Towers, a monumental palace and several other large buildings are among the surviving ruins of the fortified outpost. The archaeologists said the settlement is thought to be the ancient city of Zakhiku, once a buzzing political center in the region.
The researchers said the fortification walls — standing several meters tall in some places — are surprisingly well preserved despite being constructed of sun-dried mud bricks. The Bronze Age city was destroyed in an earthquake that struck the region sometime around 1350 B.C., according to the archaeologists. The natural disaster likely caused the upper parts of the walls to bury most of the surviving buildings, keeping them in relatively good condition over millennia, they added.
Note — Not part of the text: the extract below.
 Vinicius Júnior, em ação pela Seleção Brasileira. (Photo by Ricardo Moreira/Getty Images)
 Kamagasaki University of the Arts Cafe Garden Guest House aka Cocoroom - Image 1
The dig at Kemune also uncovered five ceramic vessels that contained more than 100 tablets inscribed with cuneiform script. The artifacts, which the archaeologists said may be some form of ancient correspondence, date to the Middle Assyrian period, shortly after the fateful earthquake.
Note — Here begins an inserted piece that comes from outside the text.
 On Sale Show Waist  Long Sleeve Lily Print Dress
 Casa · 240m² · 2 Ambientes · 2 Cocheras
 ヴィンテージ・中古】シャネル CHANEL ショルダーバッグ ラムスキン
“It is close to a miracle that cuneiform tablets made of unfired clay survived so many decades under water,” Peter Pfälzner, director of the Department of Near Eastern Archaeology at the University of Tübingen in Germany and a member of the research team, said in a statement.
The archaeological site was uncovered after water levels in the Mosul Dam were drawn down beginning in December to prevent crops from drying out. The region has been plagued by low rainfall and ongoing drought, both exacerbated by climate change.
Over the course of January and February, the archaeologists raced to map and excavate as much of the the ancient city as they could while it remained exposed.
“We were under a lot of pressure since it was unclear how much time we would have and when the water would rise again,” Puljiz said. “We owe the great results to an extremely motivated and dedicated team that worked almost nonstop for several weeks in all kinds of weather including snow, rain, fog, hail and storms.”
Puljiz said scientists have known about the ancient city for some time, but the site has been continuously under water since the Mosul Dam was constructed in the 1980s.
Drought in the region briefly caused part of the settlement to resurface in 2018, allowing Puljiz and her team to excavate sections of the palace. It was during that field work that she said she began to suspect the structure was part of a much larger city at Kemune.
“It was not until mid-December 2021 that the water level of the Mosul reservoir surprisingly dropped for the first time in three years,” she said. “My colleagues and I knew immediately that we had no time to lose.”
To help preserve the ancient settlement, the archaeologists covered the ruins with plastic coating and filled the site in with gravel, which they said will protect the walls of unbaked clay.
Puljiz added that water levels in the dam have been gradually rising since February, and the city is now submerged again.